■ **Dataset section**
=== Section Start ===

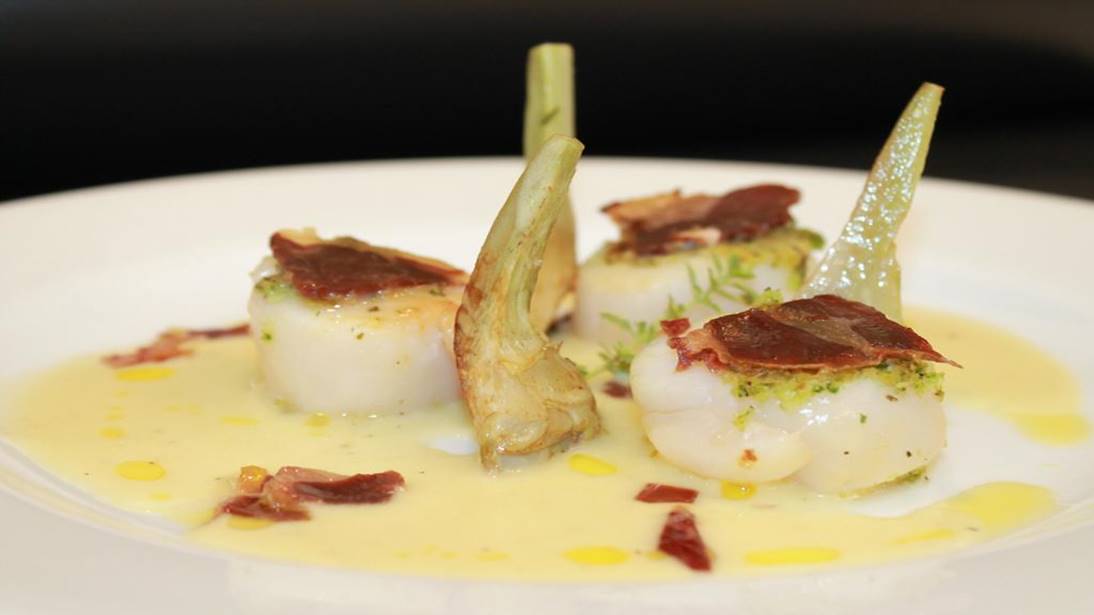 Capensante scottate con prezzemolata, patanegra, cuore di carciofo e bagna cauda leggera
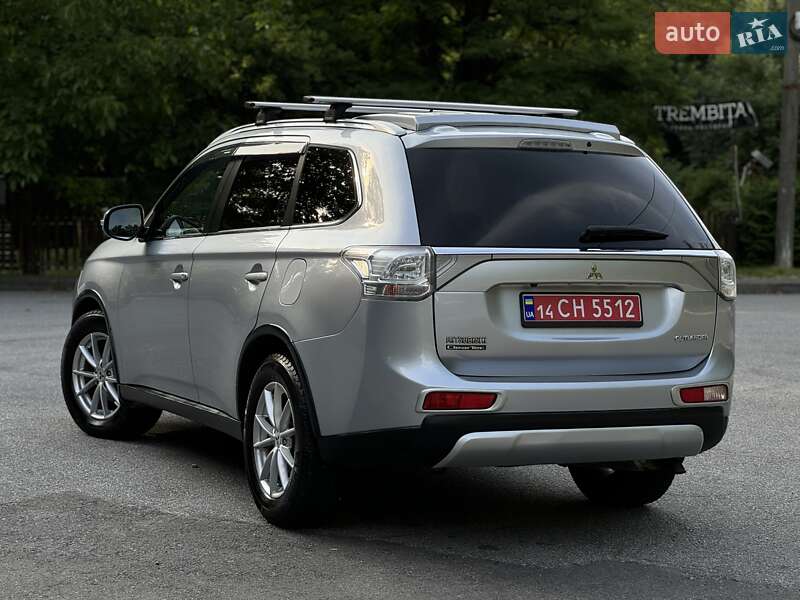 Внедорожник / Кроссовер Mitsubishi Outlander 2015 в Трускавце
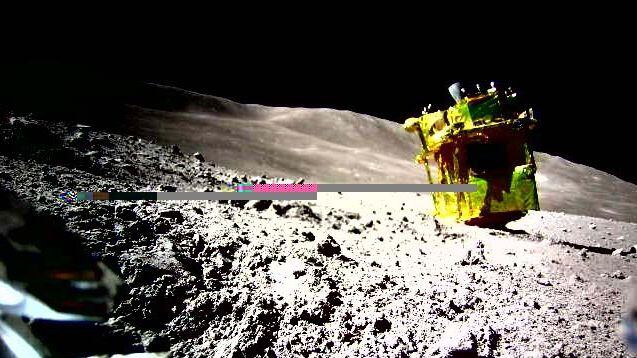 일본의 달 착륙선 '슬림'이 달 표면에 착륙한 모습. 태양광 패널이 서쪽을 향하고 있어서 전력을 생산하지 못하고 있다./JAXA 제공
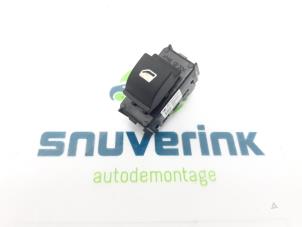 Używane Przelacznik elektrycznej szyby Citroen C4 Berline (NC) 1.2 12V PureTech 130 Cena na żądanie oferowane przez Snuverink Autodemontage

=== Section End ===

■ **Assigned task**
With the pictures left out, give again exactly the lines from the one with "일본의 달 착륙선 '슬림'이" through the end of the data, both included.

■ **Written reply**
 일본의 달 착륙선 '슬림'이 달 표면에 착륙한 모습. 태양광 패널이 서쪽을 향하고 있어서 전력을 생산하지 못하고 있다./JAXA 제공
 Używane Przelacznik elektrycznej szyby Citroen C4 Berline (NC) 1.2 12V PureTech 130 Cena na żądanie oferowane przez Snuverink Autodemontage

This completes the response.